Profit is growing at €10,500 per year (much slower!).

d) Profit stops growing when: \[\frac{dP}{dn} = 0\] \[\frac{75}{\sqrt{n}} - 4 = 0\] \[\frac{75}{\sqrt{n}} = 4\] \[\sqrt{n} = \frac{75}{4} = 18.75\] \[n = 351.6\]

At approximately 352 stores, profit is maximized. Beyond this, each new store actually reduces total profit due to cannibalization and overhead costs.

7 Problem 7: Related Rates - Market Share (xxx)

A company’s profit \(P\) (in €1000) and market share \(m\) (as a percentage) are related by: \[P = 800m - 15m^2\]

Market share is increasing at 1.5% per month.

Find \(\frac{dP}{dt}\) in terms of \(m\).
How fast is profit changing when \(m = 10\%\)?
How fast is profit changing when \(m = 25\%\)?
At what market share is profit maximized?
If the company currently has \(m = 30\%\), should they continue trying to grow market share? Why or why not?

Solution

a) Profit growth rate: \[\frac{dP}{dt} = \frac{dP}{dm} \cdot \frac{dm}{dt}\] \[= (800 - 30m) \cdot \frac{dm}{dt}\]

b) When \(m = 10\): \[\frac{dP}{dt} = (800 - 30 \cdot 10) \cdot 1.5 = 500 \cdot 1.5 = 750\]

Profit is increasing at €750,000 per month.
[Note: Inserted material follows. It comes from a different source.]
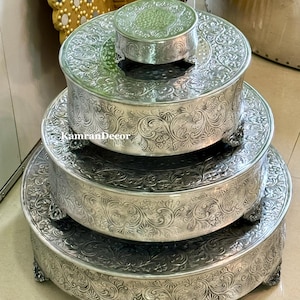 May include: A set of three ceramic mugs with a speckled, matte finish in cream, light grey, and dark grey. Each mug has a simple, minimalist design, ideal for tea or coffee.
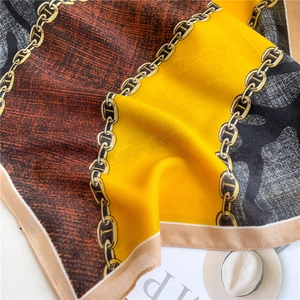 Dettaglio di sciarpa in seta con motivi a catena dorata e design patchwork colorato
c) When \(m = 25\): \[\frac{dP}{dt} = (800 - 30 \cdot 25) \cdot 1.5 = 50 \cdot 1.5 = 75\]

Profit is increasing at only €75,000 per month.

d) Maximum profit when \(\frac{dP}{dm} = 0\): \[800 - 30m = 0\] \[m = \frac{800}{30} \approx 26.7\%\]

e) At \(m = 30\%\): \[\frac{dP}{dm} = 800 - 30(30) = 800 - 900 = -100\] \[\frac{dP}{dt} = -100 \cdot 1.5 = -150\]

No! At 30% market share, profit is decreasing at €150,000 per month. The company has passed optimal size. Aggressive expansion is destroying value (perhaps due to price wars, excessive marketing costs, or diseconomies of scale).